Also disclosed herein are the polypeptides, nucleic acids, proteins encoded by the nucleic acid operons, or immunogenic compositions disclosed herein for use as a medicament, e.g., in the treatment, prevention, ameliorate, or inhibition of hepatitis B and/or hepatitis D in a subject in need thereof.
Some aspects of the embodiments discussed above are disclosed in further detail in the following examples, which are not in any way intended to limit the scope of the present disclosure. Those in the art will appreciate that many other embodiments also fall within the scope of the invention, as it is described herein above and in the claims.
Female C57BL/6 (H-2b) mice were obtained from Charles River Laboratories. Human leukocyte antigen A2 (HLA-A2) transgenic HHD mice were bred inhouse. All mice were 8-10 weeks old at the start of the experiments and maintained under standard conditions. uPA+/+-SCID mice with humanized liver were produced and maintained. New Zealand White rabbits were purchased from commercial vendors.
Plasmids encoding for genotypes 1 and 2 of the L-HDAg and the PreS1 domain (aa 2-48) of the HBsAg, were used in this study as fusion constructs, optionally cleaved by a P2A, consisting of different combinations of HDAg/PreS1 sequences. The HDAg sequences of genotypes 1 and 2 obtained from four different clinical isolates; US-2 and CB, and Jul. 18, 1983 and TW2476, respectively.

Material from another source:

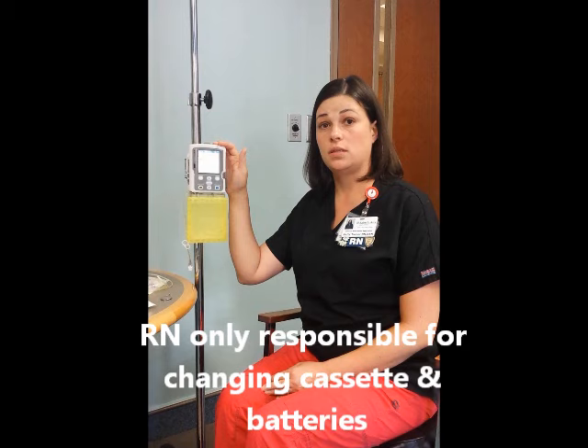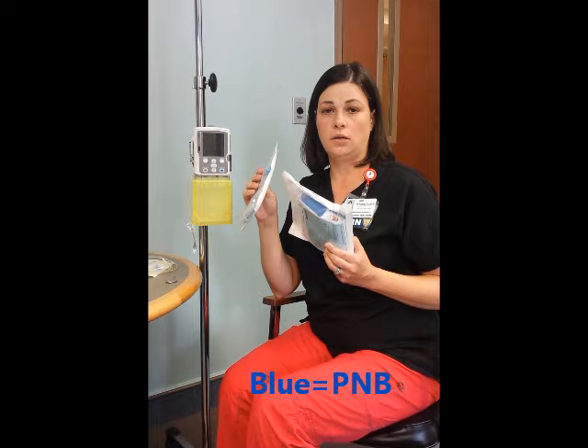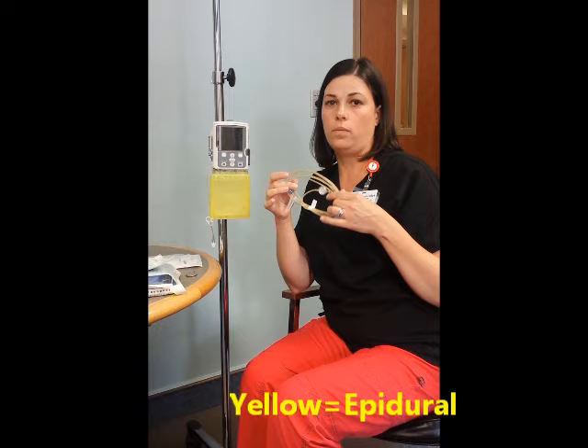Anesthesia will be responsible for initially programming the pump. They will also provide rate changes, any bolus that is needed, and they will also be responsible for DCing the pump. Nurses will need to know that blue cassettes and blue tubing are used for peripheral nerve blocks, and yellow cassettes and yellow tubing will be used for epidurals.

All genes were cloned into the pVAX1 backbone (Invitrogen, Carlsbad, CA) using restriction sites EcoR I and HindIII. Plasmids were grown in TOP10 E. coli cells (Life Technologies, Carlsbad, CA) and purified for in vivo injections using Qiagen Endofree DNA purification kit (Qiagen GmbH) following manufacturer's instructions. The correct gene size was confirmed by restriction enzyme digests using EcoRI and HindIII (Fast Digest, Thermo Fisher Scientific).
Western Blot was essentially performed as generally known in the art. Hela cells were transfected with each pVAX1 D1-D10 DNA plasmids and pVAX1 with the reporter gene GFP as control, using Lipofectamine® 3000 Transfection Reagent (Thermo Fisher Scientific). For protein detection, serum from the D4 vaccinated rabbit diluted 1:1000 (primary antibody) and goat anti-Rabbit Immunoglobulins HRP 0.25 g/L (DAKO) diluted 1:4000 (secondary antibody) used. For Chemiluminescence detection, Pierce TM ECL Plus Western Blotting Substrate was used and images were collected with Gel Doc XR+ System (Biorad).

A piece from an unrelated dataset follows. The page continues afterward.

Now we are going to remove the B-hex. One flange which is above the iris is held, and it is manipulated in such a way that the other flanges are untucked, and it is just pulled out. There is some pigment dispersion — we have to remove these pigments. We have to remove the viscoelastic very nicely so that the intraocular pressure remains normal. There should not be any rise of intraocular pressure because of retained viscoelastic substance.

A total of 168 HDAg 15-mer peptides with 10 aa overlap were purchased from Sigma-Aldrich (St. Louis, MO). The 168 peptides were divided in 8 pools each containing 20 or 21 peptides. Four pools correspond to genotype 1 (pool 11-21, pool 222-42, pool 343-63 and pool 464-84) and four pools correspond to genotype 2 (pool 11-21, pool 222-42, pool 343-63 and pool 464-84) for sequences A, B, C and D with each sequence referring to each clinical isolate.
Two consensus sequences of the PreS1 HBsAg (PreS1A and PreS1B) consisting of 47 aa and 20-mer PreS1 peptides with 10 aa overlap for HBV (sub-) genotypes A1, A2, B, B2, C, D1, E1 and F were purchased from Sigma-Aldrich (St. Louis, MO). All peptides have passed QC (Sigma-Aldrich PEPscreen® Directory) and have purity >70%. OVA 257-264 CTL (SIINFEKL (SEQ ID NO:) and OVA 323-339 Th (ISQAVHAAHAEINEAGR (SEQ ID NO: 39)) ovalbumin peptides were used as negative peptide controls while Concanavalin A (ConA) purchased from Sigma Aldrich (St. Louis, MO) was used as positive control at final concentration of 0.5 μg/μL.

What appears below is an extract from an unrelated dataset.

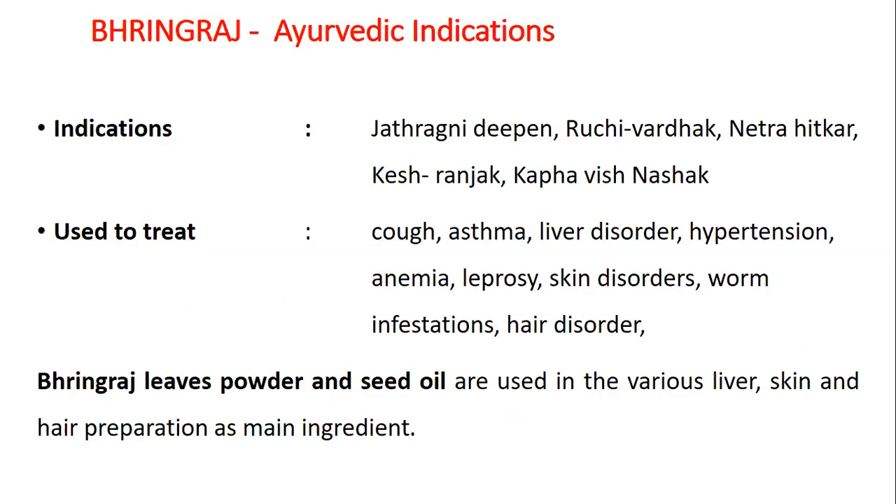Ayurvedic indications are: Chataragni Deepan, Ruchikarak, Netra Hitakar, Kesha Ranjak and Kapha Vinashak. Used to treat cough, asthma, liver disorders, hypertension, anemia, leprosy, skin disorders, worm infestations and hair disorders.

To evaluate the immunogenicity of the constructs in vivo, mice and rabbits were immunized essentially as described boosted at monthly intervals and sacrificed two weeks later for spleens and blood collection. In brief, female C57BL/6 mice (five per group) were immunized intramuscularly (i.m.) in the tibialis cranialis anterior (TA) muscle with 50 μg plasmid DNA in a volume of 50 μL in sterile PBS by regular needle (27G) injection followed by in vivo electroporation (EP) using the Cliniporator2 device (IGEA, Carpi, Italy). During in vivo electroporation, a 1 ms 600 V/cm pulse followed by a 400 ms 60 V/cm pulse pattern was used to facilitate better uptake of the DNA. Prior to vaccine injections, mice were given analgesic and kept under isoflurane anesthesia during the vaccinations. For studies in rabbits, two New Zealand White rabbits per group were immunized with 300 μg D3 and D4 DNA vaccines. Vaccines were administered by i.m. injection in 300 μL sterile PBS to the right TA muscle followed by in vivo EP.
Two weeks after last vaccination, splenocytes from each immunized group of mice pooled (five mice/group) and tested for their ability to induce HBV/HDV-specific T cells based on IFN-γ secretion after peptide stimulation for 48h as known in the art using a commercially available ELISpot assay (Mabtech, Nacka Strand, Sweden).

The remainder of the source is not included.